◆ EXERCISE DIRECTIONS
Scan the data below and copy each line where "Russell" occurs.
DATA TO USE Block Start
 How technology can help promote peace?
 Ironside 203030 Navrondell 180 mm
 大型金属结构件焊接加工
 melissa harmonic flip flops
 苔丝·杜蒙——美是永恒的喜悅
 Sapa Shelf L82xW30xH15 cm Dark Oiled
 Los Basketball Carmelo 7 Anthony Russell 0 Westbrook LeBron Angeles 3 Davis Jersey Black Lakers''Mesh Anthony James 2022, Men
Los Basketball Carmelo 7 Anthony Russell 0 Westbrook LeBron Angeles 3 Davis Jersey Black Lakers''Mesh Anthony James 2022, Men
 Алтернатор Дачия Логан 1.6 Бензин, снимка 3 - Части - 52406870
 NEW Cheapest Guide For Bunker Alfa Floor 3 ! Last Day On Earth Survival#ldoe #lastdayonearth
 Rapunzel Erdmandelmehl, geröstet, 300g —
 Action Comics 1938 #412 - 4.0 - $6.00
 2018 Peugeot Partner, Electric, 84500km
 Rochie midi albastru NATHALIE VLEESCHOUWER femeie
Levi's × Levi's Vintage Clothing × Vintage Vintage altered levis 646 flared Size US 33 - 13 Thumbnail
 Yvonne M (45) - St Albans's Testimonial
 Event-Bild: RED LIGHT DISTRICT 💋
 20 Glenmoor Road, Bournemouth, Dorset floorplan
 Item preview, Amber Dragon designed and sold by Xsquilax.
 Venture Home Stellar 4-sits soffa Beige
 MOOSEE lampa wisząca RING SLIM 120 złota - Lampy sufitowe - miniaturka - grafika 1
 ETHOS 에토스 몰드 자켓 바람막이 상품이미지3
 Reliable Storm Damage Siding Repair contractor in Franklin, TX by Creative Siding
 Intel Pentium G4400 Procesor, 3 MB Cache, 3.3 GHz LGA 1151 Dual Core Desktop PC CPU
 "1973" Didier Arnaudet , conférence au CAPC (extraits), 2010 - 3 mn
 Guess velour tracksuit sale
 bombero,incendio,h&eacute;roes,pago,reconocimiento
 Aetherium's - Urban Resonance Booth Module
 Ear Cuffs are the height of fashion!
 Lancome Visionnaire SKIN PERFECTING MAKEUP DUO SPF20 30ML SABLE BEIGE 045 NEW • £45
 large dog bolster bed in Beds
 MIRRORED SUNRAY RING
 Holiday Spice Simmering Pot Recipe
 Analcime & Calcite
DATA TO USE Block End
◆ ANSWER FOR THE TASK
 Los Basketball Carmelo 7 Anthony Russell 0 Westbrook LeBron Angeles 3 Davis Jersey Black Lakers''Mesh Anthony James 2022, Men
Los Basketball Carmelo 7 Anthony Russell 0 Westbrook LeBron Angeles 3 Davis Jersey Black Lakers''Mesh Anthony James 2022, Men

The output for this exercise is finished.